October 15, 2004 | Volume 1, Issue 2
Born To Buy--The Commercialized Child and the New Consumer Culture by Juliet Schor
(Scribner, New York: 2004)
We work longer than anyone else, we save less, and too many of us have claimed bankruptcy. We are Americans. We live in a land of 46,000 shopping centers; we buy 48 new pieces of wearing apparel per person per year (the adults among us, that is). We each have a TV set upon which we view thousands of commercial messages each year.
“So what?” you ask. Yes, we work hard, and we like to spend our money. We live in a capitalist society; we are defined by the things we make and consume. We’re also able to discriminate among those intrusive TV, radio and magazine ads and make rational decisions.
But what is happening to our children in the midst of all this consumerism? Do we know? If you believe Juliet Schor, author of Born To Buy—The Commercialized Child and the New Consumer Culture, our children are the important new targets of this lust for business growth, and we are blind to it. “The architects of this culture . . . have now set their sights on children,” she says in her recent and well-received, third book. Where children were once “bit players” in our consumer society, Schor now sees kids and teens “at the epicenter of the American consumer culture.”
In her 275-page book, Schor, an economist by training and professor of sociology at Boston University, tells us that these days, “Kids’ tastes drive market trends.” Most unfortunately, we adults, caught in a cycle of working and spending, don’t recognize it. We are too busy on our computers, shopping 24/7.
Barbara Ehrenreich, author of Nickel and Dimed, agrees with Schor. “We worry about so many dangers to our children,” she writes. “Drugs, perverts, bullies—but seldom notice the biggest menace of all: the multibillion-dollar effort aimed at turning our kids into oversexed, status-obsessed, attention-deficit little consumers.”
Schor identifies the young as the market’s “first adopters,” the “avid users,” for example, of new technology. These kids have “passionate consumer desires” and are the most closely tethered to products and brands. She tells us that kids can recognize brand logos by 18 months, that by age 2 they ask for products by brand name, and that by first grade they can evoke 200 brands. We learn that 40% of teens are tied to car brands and 30% of parents ask their children for advice on car purchases. In fact, she cites brand guru Martin Lindstrom who says that 80% of all global brands require a “tween strategy.”

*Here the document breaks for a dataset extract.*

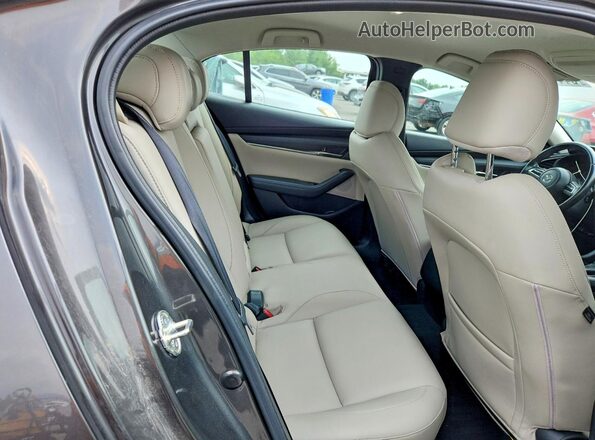 3MZBPAAL3KM111139 2019 MAZDA 3 Gray Widok tylnych siedzeń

Yes, according to Schor (and Lindstrom), “It’s a war out there.” $15 billion, Schor says, “is being spent in advertising and marketing to children,” particularly to the 52 million children aged 12 and under. These marketers and advertisers know that children between the ages of 12 and 19 spent $170 billion in 2002. Can’t you see them rubbing their greasy, greedy little hands together, strategizing in their darkened war rooms, “targeting” our youth with “collateral” materials?
Who is to blame for this phenomenon? Blame our culture, the one that is producing fat kids with ADD, electronic addiction, high anxiety and increased drug and alcohol dependence. Blame those kids with a “gatekeeper” mother who is out working longer hours so she can buy more. Or blame no one, especially if this scenario doesn’t describe your kids, the ones who aren’t watching Nickelodeon or network television or listening to rap and hip hop on any one of hundreds of radio stations.
I agree with Schor that marketers have found the children’s market and that they have become more sophisticated at fashioning messages that will appeal to kids. But as a father of two boys aged 3 and 5, I have little evidence that they are driving a market. Certainly they do not greatly influence the purchasing decisions of their mother and me. I do not hear them recite brand names or brand preferences, despite the fact that they’ve watched enough Sponge Bob Square Pants and Dora the Explorer to qualify as experts.
Do marketers purposefully and willfully, even maliciously, target kids? Do they have, as Schor tells us, terminology (i.e., KAJOY: Kids Are Getting Older Younger) especially reflective of their purpose? Are marketers “growing bolder year by year?” Of course! As a person who spent years in marketing, I did my level best to identify markets, attract their attention to my company’s services, create interest in the services, and move audiences to purchase. But I knew that the service had to fit the needs of the audience and I found over and over that if it did not serve some purpose to the audience, they would not buy the message or the service.
Schor argues that children cannot discriminate and are, thereby, “scarfing down chips and soda, driving their parents crazy about those hundred dollar sneakers.” I will agree that this happens in many homes, for any number of reasons. And I also agree with her final conclusion that parents must take final responsibility by not only empowering their children but by teaching them so that they do not become seduced by the consumer culture into which they have been born.
Schor has written a very important book, one whose message should be translated into a simpler tract for the many parents who worry about their children’s health, both physical and mental, but who do not have the time to read her long and scholarly work. She is right in warning us of the dangers posed by corporate Trojan Horses such as Channel One, which has entered our children’s classrooms with an audience size second only to the Super Bowl and of great interest to the marketers of the world. We must be vigilant; we must be involved, we must teach our children the meaning of caveat emptor.